| Problem requirements |
Below are entries; copy exactly the lines from the one with "EQUAL QUALITY P4638" through the one with "L&Ouml;BRO Faltenbalgsatz, Antriebswelle", both included, and leave out the rest.

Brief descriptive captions
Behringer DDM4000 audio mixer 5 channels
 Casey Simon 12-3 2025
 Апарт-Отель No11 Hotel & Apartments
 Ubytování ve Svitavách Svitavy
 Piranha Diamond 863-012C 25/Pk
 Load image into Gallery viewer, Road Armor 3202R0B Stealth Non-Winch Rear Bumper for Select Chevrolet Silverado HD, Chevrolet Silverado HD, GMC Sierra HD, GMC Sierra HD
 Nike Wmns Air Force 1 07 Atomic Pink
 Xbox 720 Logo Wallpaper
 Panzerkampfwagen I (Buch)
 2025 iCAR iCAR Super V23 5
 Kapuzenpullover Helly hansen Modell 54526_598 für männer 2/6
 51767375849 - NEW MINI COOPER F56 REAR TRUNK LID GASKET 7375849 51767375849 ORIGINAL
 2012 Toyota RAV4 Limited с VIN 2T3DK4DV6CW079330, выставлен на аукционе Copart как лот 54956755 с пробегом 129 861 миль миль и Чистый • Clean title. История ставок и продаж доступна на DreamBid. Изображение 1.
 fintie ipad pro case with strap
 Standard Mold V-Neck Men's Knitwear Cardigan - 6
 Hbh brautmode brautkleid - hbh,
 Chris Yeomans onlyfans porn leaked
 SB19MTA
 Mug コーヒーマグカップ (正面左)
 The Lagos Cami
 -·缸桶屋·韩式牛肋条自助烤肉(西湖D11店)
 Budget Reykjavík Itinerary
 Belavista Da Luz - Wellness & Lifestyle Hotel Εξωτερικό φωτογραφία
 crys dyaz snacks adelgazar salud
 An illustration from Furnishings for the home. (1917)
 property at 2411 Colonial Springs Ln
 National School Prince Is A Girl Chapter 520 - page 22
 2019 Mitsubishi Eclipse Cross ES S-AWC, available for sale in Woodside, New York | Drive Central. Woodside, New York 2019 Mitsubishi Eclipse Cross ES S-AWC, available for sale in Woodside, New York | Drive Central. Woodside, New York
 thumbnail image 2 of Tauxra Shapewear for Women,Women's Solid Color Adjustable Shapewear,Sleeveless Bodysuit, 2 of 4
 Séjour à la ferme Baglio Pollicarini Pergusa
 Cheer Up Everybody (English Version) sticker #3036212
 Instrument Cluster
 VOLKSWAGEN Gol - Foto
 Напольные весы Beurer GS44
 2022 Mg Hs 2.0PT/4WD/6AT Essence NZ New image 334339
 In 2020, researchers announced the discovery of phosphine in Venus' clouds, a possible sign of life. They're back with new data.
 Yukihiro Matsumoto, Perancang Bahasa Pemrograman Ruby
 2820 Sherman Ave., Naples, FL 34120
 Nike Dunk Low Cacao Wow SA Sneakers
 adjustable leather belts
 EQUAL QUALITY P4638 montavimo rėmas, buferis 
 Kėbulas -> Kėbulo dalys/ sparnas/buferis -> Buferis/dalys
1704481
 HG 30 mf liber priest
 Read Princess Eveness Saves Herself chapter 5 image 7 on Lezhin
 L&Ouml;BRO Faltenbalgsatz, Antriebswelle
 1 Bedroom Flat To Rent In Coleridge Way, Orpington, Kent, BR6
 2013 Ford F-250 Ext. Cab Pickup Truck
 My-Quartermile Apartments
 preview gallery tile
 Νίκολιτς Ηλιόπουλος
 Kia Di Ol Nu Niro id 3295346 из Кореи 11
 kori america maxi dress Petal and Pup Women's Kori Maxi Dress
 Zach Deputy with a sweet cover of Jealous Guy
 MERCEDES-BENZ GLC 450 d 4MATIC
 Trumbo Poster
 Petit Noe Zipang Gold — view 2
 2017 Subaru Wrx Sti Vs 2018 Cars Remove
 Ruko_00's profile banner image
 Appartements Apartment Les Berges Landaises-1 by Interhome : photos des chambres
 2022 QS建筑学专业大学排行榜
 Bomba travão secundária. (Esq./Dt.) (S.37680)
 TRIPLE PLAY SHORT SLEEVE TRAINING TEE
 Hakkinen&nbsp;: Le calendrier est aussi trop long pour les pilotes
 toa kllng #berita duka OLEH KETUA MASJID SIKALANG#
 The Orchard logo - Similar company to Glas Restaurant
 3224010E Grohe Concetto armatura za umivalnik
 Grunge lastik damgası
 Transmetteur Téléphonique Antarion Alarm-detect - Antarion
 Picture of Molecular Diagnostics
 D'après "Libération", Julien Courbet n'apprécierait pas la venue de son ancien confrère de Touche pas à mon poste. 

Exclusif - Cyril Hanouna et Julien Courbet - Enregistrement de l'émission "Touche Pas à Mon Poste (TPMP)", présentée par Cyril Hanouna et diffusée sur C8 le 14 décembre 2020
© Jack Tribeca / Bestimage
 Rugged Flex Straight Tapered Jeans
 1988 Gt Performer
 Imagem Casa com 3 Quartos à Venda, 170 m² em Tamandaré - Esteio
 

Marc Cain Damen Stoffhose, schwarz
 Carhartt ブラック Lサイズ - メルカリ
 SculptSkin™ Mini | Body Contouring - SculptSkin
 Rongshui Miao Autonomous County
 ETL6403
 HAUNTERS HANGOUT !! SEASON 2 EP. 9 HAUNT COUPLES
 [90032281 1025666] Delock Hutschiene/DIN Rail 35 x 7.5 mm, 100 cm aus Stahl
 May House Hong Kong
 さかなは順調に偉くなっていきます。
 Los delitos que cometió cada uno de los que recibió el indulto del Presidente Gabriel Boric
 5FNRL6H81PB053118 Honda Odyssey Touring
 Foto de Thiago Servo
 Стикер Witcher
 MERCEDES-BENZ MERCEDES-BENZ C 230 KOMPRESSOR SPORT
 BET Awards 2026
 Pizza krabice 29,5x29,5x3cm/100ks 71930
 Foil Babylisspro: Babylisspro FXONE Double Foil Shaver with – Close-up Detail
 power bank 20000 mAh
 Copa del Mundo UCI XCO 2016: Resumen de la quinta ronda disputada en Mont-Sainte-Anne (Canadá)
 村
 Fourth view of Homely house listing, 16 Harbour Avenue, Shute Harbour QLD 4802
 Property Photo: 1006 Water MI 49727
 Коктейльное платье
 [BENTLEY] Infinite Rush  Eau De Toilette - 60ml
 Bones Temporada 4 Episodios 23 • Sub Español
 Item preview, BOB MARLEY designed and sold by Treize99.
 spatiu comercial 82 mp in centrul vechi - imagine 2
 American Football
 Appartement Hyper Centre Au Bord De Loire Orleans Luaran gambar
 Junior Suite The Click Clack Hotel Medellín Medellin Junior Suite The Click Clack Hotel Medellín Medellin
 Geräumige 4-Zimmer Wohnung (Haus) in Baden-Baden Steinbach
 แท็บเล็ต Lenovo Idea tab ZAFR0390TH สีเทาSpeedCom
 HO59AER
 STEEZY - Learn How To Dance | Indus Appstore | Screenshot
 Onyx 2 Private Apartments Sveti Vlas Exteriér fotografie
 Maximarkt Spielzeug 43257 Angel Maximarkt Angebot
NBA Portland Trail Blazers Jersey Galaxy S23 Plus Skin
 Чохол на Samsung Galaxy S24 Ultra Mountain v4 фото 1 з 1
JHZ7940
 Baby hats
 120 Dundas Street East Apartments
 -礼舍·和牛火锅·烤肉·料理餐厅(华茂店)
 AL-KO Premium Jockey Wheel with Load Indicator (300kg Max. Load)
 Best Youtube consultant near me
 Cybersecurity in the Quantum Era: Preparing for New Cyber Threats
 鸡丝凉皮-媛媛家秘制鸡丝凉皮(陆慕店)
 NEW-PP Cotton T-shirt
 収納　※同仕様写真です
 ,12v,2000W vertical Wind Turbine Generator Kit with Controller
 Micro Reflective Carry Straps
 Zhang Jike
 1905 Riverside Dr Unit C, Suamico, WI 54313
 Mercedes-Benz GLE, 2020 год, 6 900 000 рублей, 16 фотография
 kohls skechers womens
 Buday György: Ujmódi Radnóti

| Response to the task |
 EQUAL QUALITY P4638 montavimo rėmas, buferis 
 Kėbulas -> Kėbulo dalys/ sparnas/buferis -> Buferis/dalys
1704481
 HG 30 mf liber priest
 Read Princess Eveness Saves Herself chapter 5 image 7 on Lezhin
 L&Ouml;BRO Faltenbalgsatz, Antriebswelle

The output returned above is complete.